What Kindle Has That Nook Hasn’t (and my thoughts)

  • Keyboard – This is big for me. Simply start typing to search for text (reading a huge Russian tome and want to look up the first time “Anatoli” appeared so you can remember who he was? Just start typing and find every instance of his name). I’ve always wanted this feature, even before ebooks existed. “What was that line about…” update: not sure this is as big a deal, as long as the on-screen keyboard on the Nook is decent.
  • Annotation – –I don’t see a way in the keyboardless Nook, to make margin notes. I don’t use this very much myself but I imagine a lot of people do. update: unclear if you can annotate books, but imagine you can.
  • 5-Way Navigation Button — yes, it’s a little laggy , but you can move your little cursor around the screen and highlight text, select links, select a word for a dictionary definition (which pops up at the bottom fo the screen)and press to click. (I liked the scroll bar in the original Kindle, even though it didn’t do as much). I’m not sure how you navigate in the Nook to highlight text.
  • Text-To-Speech — it’s no audio-book level speech, and some publishers have turned it off for their books, but it still works for many. (I tend to use it to keep listening to a non-fiction book while I do dishes or something. It’s pretty laughable for novels, but still, if you want to keep reading while you take a short drive, it’s nice to have).
  • Word document support — The B&N site says “fee for wirelessly emailing” but that’s disingenuous: you can convert them for free yourself by using something like MobiPocket or Calibre
  • Basic Web access – you can check your email, access Wikipedia and IMDB, look stuff up on the web all over the free 3G service. It’s a bit clunky and slow, but before I had my (vastly expensive iPhone with its vastly expensive data service) this was great for answering all those nagging questions that pop up while you’re out and about. It’s not full web access, and it’s not as powerful as something like an iPhone but it’s a nice alternative if you have nothing or don’t want to pay data service and would just like to be able to pop online and check something.
  • Auto-page turn — this isn’t something that is in the manual, but there is documentation for it somewhere.  A combination of keystrokes will have the Kindle turn pages at 9 second intervals. If I boost the font size to the max and prop the book up, I can read my novel, hands-free while knitting or eating lunch alone (chance’d be a fine thing). Kind of nice. Nook may have it too, though.
  • Back button — This takes you back to the previous screen, not just to the previous page (I know, that’s confusing, but imagine you’re looking up a footnote. You don’t want to page back one page, you want to jump back to your previous section. The Back button does that. It also helps in the store, and in the web browser and in your ‘index’ or ‘bookshelf’)
  • Home and Menu Buttons — the touch screen on the Nook replaces some of these function. On the Kindle you use a combination of the Home/Menu buttons and the five-way-pointer to select where you want to be.

Who Wins?

  • Cost: The same ($259 — unless you want the International version of the Kindle, which is an extra $20)
  • International Wireless Coverage: I think the Kindle is the only one with this.

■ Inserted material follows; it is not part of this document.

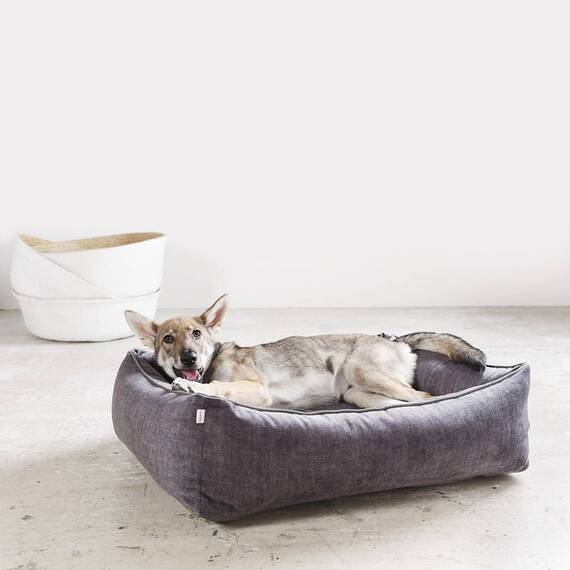 Orthopädisches Hundebett Samt GRAPHIT • GLAM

B&N makes no mention of it.
  • Battery life: Kindle
  • Replaceable Battery: Nook
  • Connectivity: Nook (I think. Adding wi-fi seems like it must be a good thing, but I haven’t yet run into a situation where I could have used wi-fi and not 3G. Might be great, might be a red-herring). The Kindle has a basic web browser though, so it’s a close call.
  • Reading Features: Kindle  because of the note-making ability and ability to search text. This might be a draw, if the Nook has the same ability as Kindle.
  • Browsing Your Library: Hard to say. Nook’s colour covers are nice; Kindle’s text-based version is easy, plus you can input text to search.
  • Storage Capacity: Maybe Nook if you care about removable storage vs. online storage.
  • Look & Feel: Nook, by a nose. It looks like a Kindle but a little bit customizable. People will like the colour touch screen even if I think it’s a battery draining painted hussy that would be a complete fouter to use and have a distracting backlight.
  • Name: Nook. (Kindle has connotations of book-burning. Nook sounds like you curl up in a big armchair with a good reading light and a cup of hot chocolate…)

In Short…

  • Nook has some more features, some fewer. The reading experience and the shopping experience will be almost identical with a few exceptions:
  • No ability to search the text or the bookshelf (that I can see, I could be wrong).
  • No way to make ‘margin’ notes on the text.
  • Ability to lend books to friends (who have a compatible device) with some restrictions, at the publishers’ discretion.
  • Native PDF and other ebook format support.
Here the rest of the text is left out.